_What needs to be done_
Please output exactly the lines that run from the line with "street view of VA Foster Home" through the final line of the data, inclusive, and nothing more.

Collected data:
=== Begin Enclosure ===
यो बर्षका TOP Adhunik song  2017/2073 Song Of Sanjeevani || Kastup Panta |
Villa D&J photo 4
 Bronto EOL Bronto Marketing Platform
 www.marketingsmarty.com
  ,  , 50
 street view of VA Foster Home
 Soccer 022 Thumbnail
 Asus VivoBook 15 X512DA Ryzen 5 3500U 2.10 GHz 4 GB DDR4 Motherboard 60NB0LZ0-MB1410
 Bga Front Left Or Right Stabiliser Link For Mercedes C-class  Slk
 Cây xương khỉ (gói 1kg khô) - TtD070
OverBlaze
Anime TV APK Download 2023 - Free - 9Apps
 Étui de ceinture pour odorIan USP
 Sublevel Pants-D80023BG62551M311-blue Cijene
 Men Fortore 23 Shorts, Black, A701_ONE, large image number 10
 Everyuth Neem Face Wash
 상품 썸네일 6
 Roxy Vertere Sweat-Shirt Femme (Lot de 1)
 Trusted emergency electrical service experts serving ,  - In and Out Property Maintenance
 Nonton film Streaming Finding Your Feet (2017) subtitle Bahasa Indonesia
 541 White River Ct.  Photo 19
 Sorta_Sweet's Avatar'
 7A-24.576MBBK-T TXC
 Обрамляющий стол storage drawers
=== End Enclosure ===
_Response for this exercise_
 street view of VA Foster Home
 Soccer 022 Thumbnail
 Asus VivoBook 15 X512DA Ryzen 5 3500U 2.10 GHz 4 GB DDR4 Motherboard 60NB0LZ0-MB1410
 Bga Front Left Or Right Stabiliser Link For Mercedes C-class  Slk
 Cây xương khỉ (gói 1kg khô) - TtD070
OverBlaze
Anime TV APK Download 2023 - Free - 9Apps
 Étui de ceinture pour odorIan USP
 Sublevel Pants-D80023BG62551M311-blue Cijene
 Men Fortore 23 Shorts, Black, A701_ONE, large image number 10
 Everyuth Neem Face Wash
 상품 썸네일 6
 Roxy Vertere Sweat-Shirt Femme (Lot de 1)
 Trusted emergency electrical service experts serving ,  - In and Out Property Maintenance
 Nonton film Streaming Finding Your Feet (2017) subtitle Bahasa Indonesia
 541 White River Ct.  Photo 19
 Sorta_Sweet's Avatar'
 7A-24.576MBBK-T TXC
 Обрамляющий стол storage drawers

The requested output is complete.